Aim of the exercise -> Write out, unaltered, each line from the top of the records below down to the line where "分享：KEIL中配置J-Link在RAM中调试的方法" appears, that line included.

Available data ->

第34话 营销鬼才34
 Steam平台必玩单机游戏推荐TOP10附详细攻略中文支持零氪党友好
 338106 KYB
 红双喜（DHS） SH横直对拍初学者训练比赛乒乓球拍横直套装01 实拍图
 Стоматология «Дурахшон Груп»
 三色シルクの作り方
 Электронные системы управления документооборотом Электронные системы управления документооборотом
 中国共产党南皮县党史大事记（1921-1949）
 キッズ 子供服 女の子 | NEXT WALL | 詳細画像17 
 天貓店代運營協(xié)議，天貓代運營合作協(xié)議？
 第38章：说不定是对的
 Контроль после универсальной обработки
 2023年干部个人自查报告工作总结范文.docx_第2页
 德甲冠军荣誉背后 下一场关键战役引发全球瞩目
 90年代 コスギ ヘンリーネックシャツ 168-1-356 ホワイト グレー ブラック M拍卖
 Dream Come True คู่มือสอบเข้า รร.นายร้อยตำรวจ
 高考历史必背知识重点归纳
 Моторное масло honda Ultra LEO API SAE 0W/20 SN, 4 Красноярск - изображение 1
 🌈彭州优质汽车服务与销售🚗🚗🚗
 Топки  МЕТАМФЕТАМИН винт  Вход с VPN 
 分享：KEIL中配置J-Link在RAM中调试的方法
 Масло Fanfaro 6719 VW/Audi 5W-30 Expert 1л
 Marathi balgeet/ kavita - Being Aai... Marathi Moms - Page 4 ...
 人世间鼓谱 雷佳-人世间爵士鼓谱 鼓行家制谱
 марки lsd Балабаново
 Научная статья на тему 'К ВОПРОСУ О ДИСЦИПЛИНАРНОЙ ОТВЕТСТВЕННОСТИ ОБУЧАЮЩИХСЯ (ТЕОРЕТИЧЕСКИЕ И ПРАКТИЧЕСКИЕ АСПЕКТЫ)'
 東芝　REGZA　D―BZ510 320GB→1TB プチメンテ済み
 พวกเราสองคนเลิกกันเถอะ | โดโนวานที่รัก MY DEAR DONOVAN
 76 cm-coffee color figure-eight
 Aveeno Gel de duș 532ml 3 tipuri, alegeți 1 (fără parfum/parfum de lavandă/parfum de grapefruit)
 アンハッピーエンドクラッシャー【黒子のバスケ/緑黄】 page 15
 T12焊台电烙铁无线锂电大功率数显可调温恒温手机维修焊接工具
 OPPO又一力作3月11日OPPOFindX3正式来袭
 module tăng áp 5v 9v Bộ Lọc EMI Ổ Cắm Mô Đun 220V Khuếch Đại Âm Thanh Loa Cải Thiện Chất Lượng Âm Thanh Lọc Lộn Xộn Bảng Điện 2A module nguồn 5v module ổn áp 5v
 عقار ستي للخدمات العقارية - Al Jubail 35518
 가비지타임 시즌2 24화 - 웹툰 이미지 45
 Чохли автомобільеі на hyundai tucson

Task solution ->
第34话 营销鬼才34
 Steam平台必玩单机游戏推荐TOP10附详细攻略中文支持零氪党友好
 338106 KYB
 红双喜（DHS） SH横直对拍初学者训练比赛乒乓球拍横直套装01 实拍图
 Стоматология «Дурахшон Груп»
 三色シルクの作り方
 Электронные системы управления документооборотом Электронные системы управления документооборотом
 中国共产党南皮县党史大事记（1921-1949）
 キッズ 子供服 女の子 | NEXT WALL | 詳細画像17 
 天貓店代運營協(xié)議，天貓代運營合作協(xié)議？
 第38章：说不定是对的
 Контроль после универсальной обработки
 2023年干部个人自查报告工作总结范文.docx_第2页
 德甲冠军荣誉背后 下一场关键战役引发全球瞩目
 90年代 コスギ ヘンリーネックシャツ 168-1-356 ホワイト グレー ブラック M拍卖
 Dream Come True คู่มือสอบเข้า รร.นายร้อยตำรวจ
 高考历史必背知识重点归纳
 Моторное масло honda Ultra LEO API SAE 0W/20 SN, 4 Красноярск - изображение 1
 🌈彭州优质汽车服务与销售🚗🚗🚗
 Топки  МЕТАМФЕТАМИН винт  Вход с VPN 
 分享：KEIL中配置J-Link在RAM中调试的方法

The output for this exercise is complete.